Amazon, Microsoft and Yahoo! are reportedly planning to join several library associations and non-profit groups in opposing Google's settlement with authors and publishers that would allow it to digitise and sell millions of books.
The New York Times and Wall Street Journal said the technology heavyweights have agreed to form what is tentatively being called the Open Book Alliance to challenge the Google Book Search project.
Google reached a class action settlement last October with the Authors Guild and the Association of American Publishers to a copyright infringement lawsuit they filed in 2005.
Under the settlement, Google agreed to pay $US125 million ($A150.3 million) to resolve outstanding claims and establish an independent Book Rights Registry, which will provide revenue from sales and advertising to authors and publishers who agree to digitise their books.
Book prices will be set by the author, with revenue from advertising to be divided 63-37 between the rights holder and Google.
The settlement is being examined by the Justice Department and still needs the approval of a US District Court judge in New York.
The New York Times said members of the Open Book Alliance were likely to independently file objections with the court, which is set to hold a "fairness hearing" on the settlement on October 7.
Gary Reback, an anti-trust lawyer in Silicon Valley who is acting as counsel to the alliance, told the Times the book deal "has enormous, far-reaching anti-competitive consequences that people are just beginning to wake up to".
Reback, who helped persuade the Justice Department to file its anti-trust case against Microsoft in the 1990s, said the alliance includes the Internet Archive.
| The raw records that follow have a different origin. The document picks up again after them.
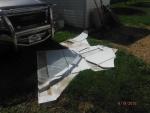 Removed panel
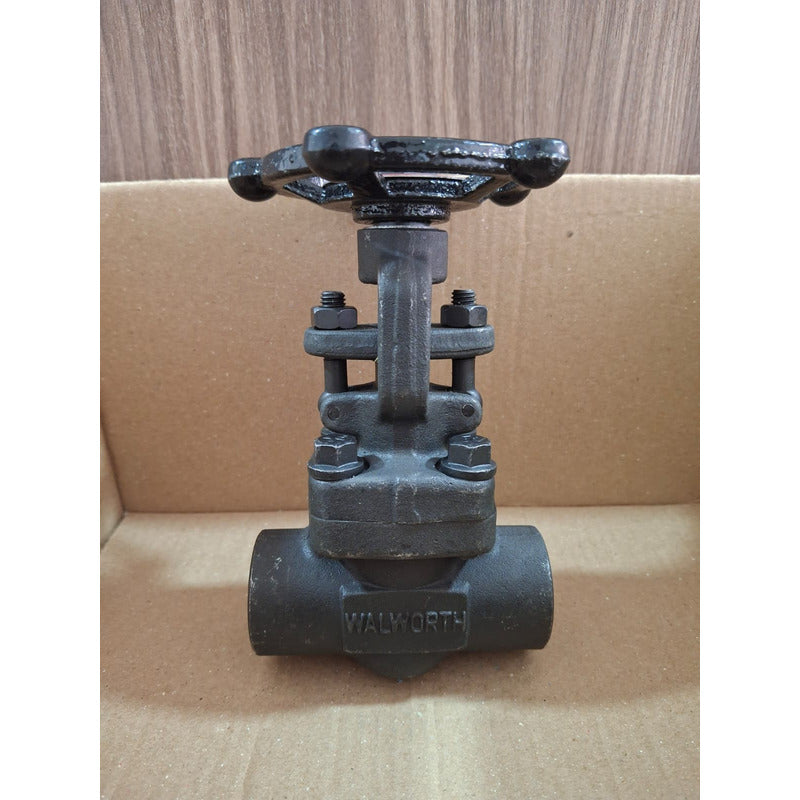 Valvula Compuerta 3/4 800 Lbs Roscada Npt Ac Forjado A105
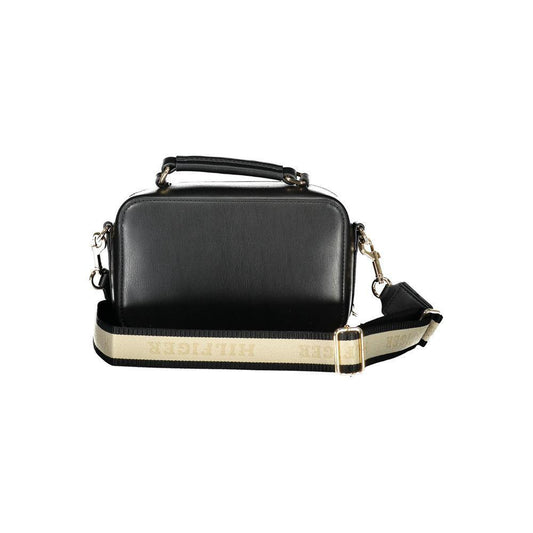 Tommy Hilfiger Black Polyethylene Handbag TO-27163
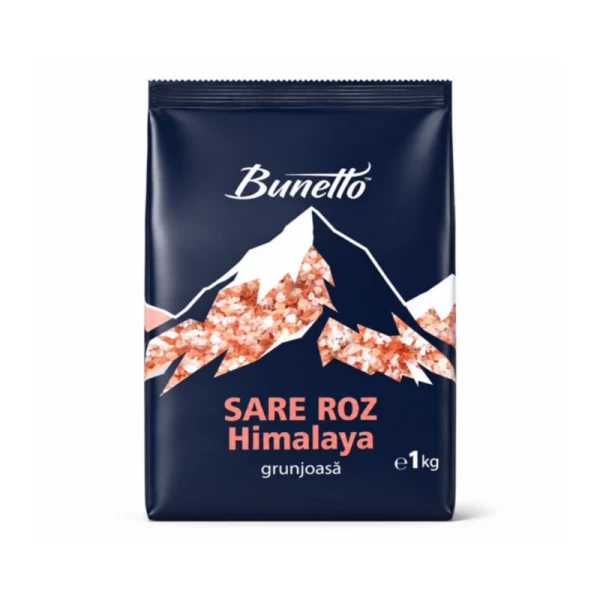 Bunetto Sare himalaya roz grunjoasa 1 kg - image 1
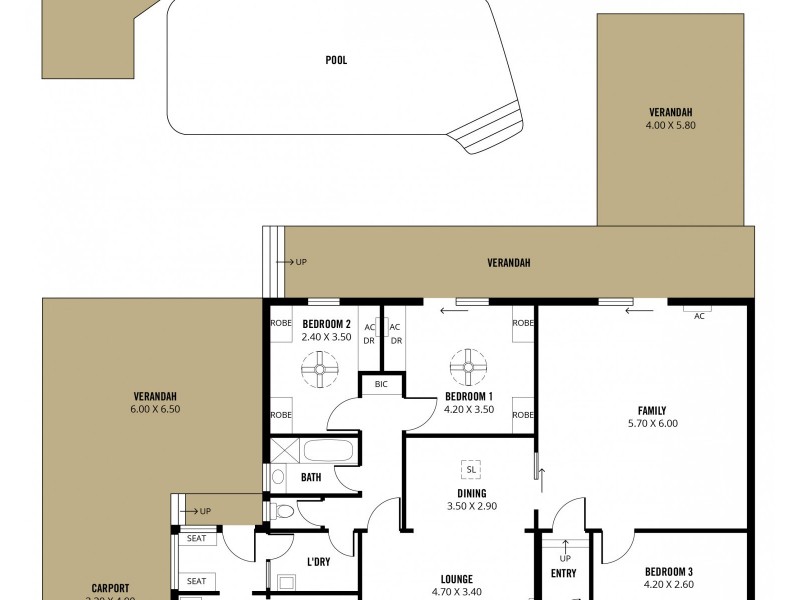 114 Wright Road, Ingle Farm SA 5098 Floorplan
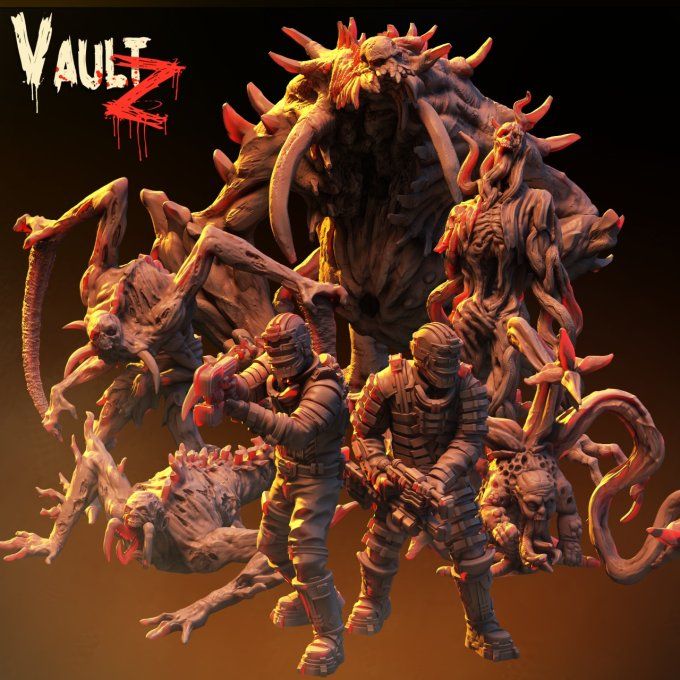 Zombies Dark Space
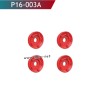 UDIRC M16 RC Car Parts Wheel Anti-Skid Spacer Red P12-003A UDIRC M16 RC Car Parts Wheel Anti-Skid Spacer Red P12-003A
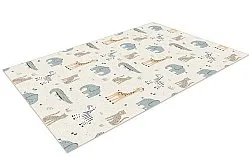 Tapis pour enfants - Safari Friends (multicolore)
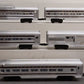 Williams 2601 O Scale Santa Fe 5-Car Aluminum Passenger Cars (Set of 5) LN/Box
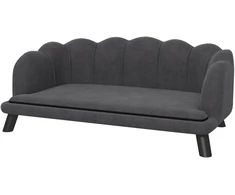Koduva Šuns sofa, tamsiai pilka, 98,5 x 60,5 x 35,5 cm, iki 25 kg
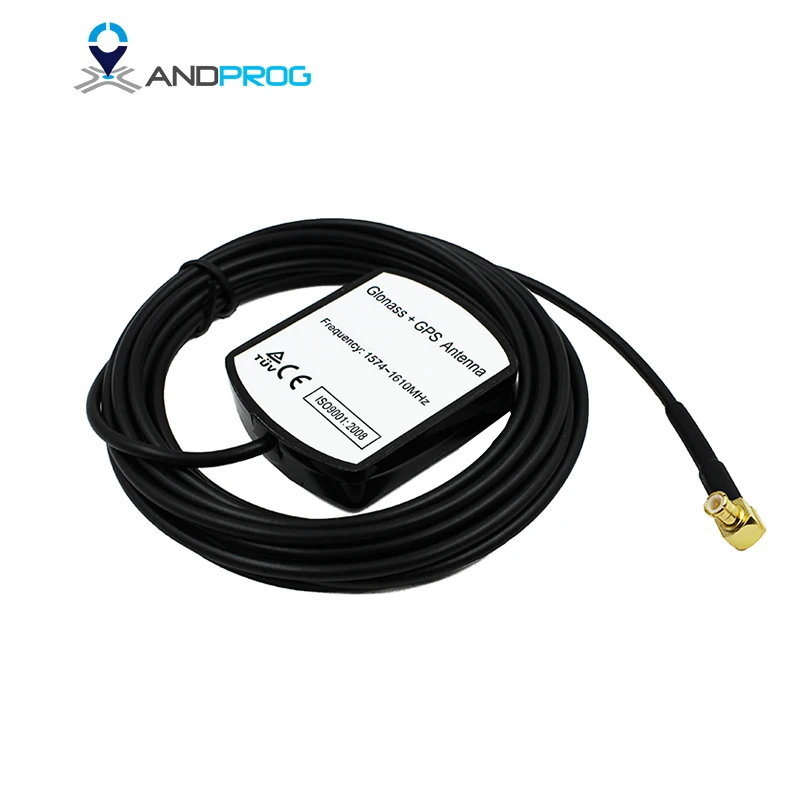 

External GPS Active Antenna MCX Male For Garmin Nuvi 785T 860 880 855 885T 5000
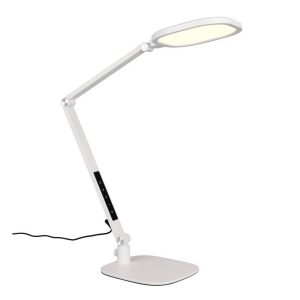 Lámpara de Mesa LED SERVO 13.5W 1400lm Regulable Blanco - TRIO Lighting - Imagen 1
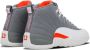 Jordan Air 12 Retro sneakers Grijs - Thumbnail 3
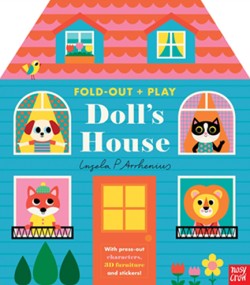 Fold-Out + Play: Dolls House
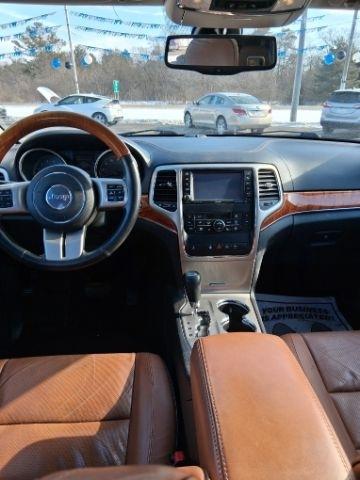 Jeep Grand Cherokee Overland 4WD 2012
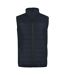 Mens Expedition Gilet Dark Navy Printer-2
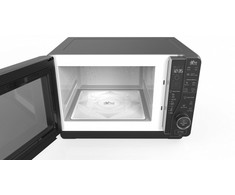 Whirlpool MWF 421 SL mikrobangų krosnelė Stalviršis Kombinuota mikrobangų krosnelė 25 L 800 W Juoda, Sidabras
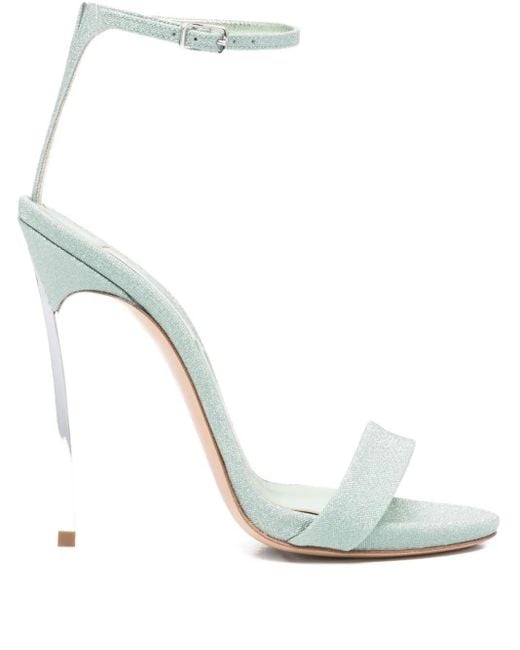 Casadei Marta Solar Eclipse 100mm サンダル White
The archive is a San Francisco non-profit group that maintains a digital library of websites and also has its own book scanning project.
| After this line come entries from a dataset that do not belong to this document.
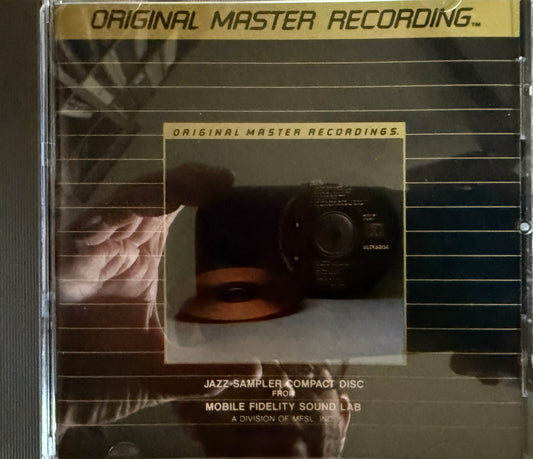 Jazz Sampler (Mobile Fidelity 24K Gold CD)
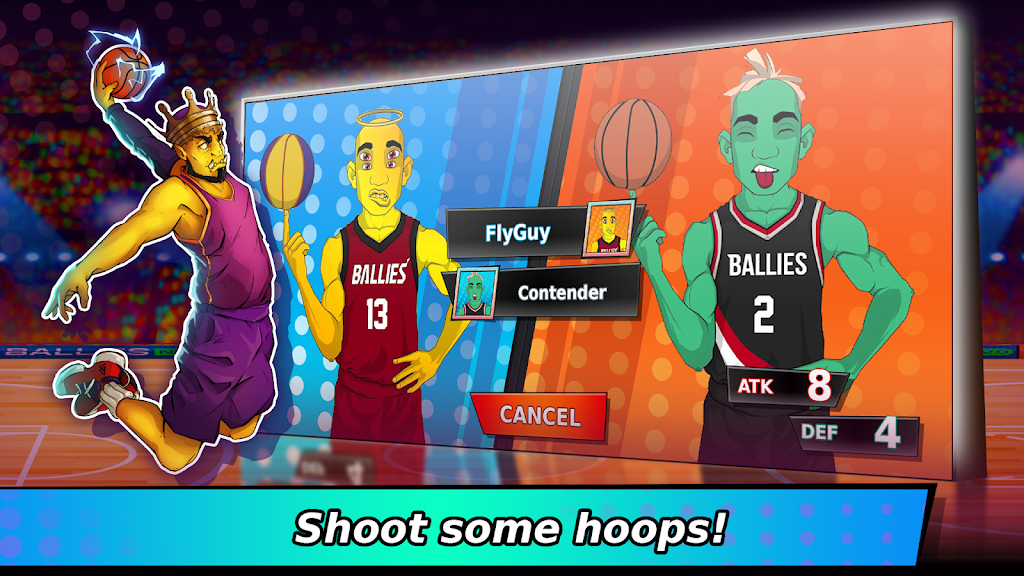Ballies: Basketball Card Game Screenshot 4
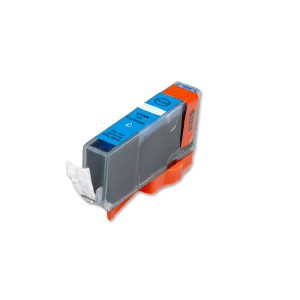 1-Pack CYAN Compatible Ink w/ Chip for Canon CLI-226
Microsoft and Yahoo! confirmed to the Times they were participants in the alliance but Amazon refused to comment.
Microsoft, which entered into a 10-year web search partnership with Yahoo! last month that set the stage for a joint offensive against Google, also had a project to create a vast digital library but shut it down in May 2008.
Online retail giant Amazon is a major player in the electronic book sector through its popular e-reader, the Kindle.
Peter Brantley, a director of the Internet Archive, said the Special Libraries Association, the New York Library Association and the American Society of Journalists and Authors were planning to join the alliance.
He told The Wall Street Journal its membership would be formally disclosed in the next couple of weeks.
Brantley said members of the coalition all see problems with the settlement and are pushing for revisions, but not all necessarily want to see it blocked.
The Google Book Search project has also come under fire from groups worried about privacy.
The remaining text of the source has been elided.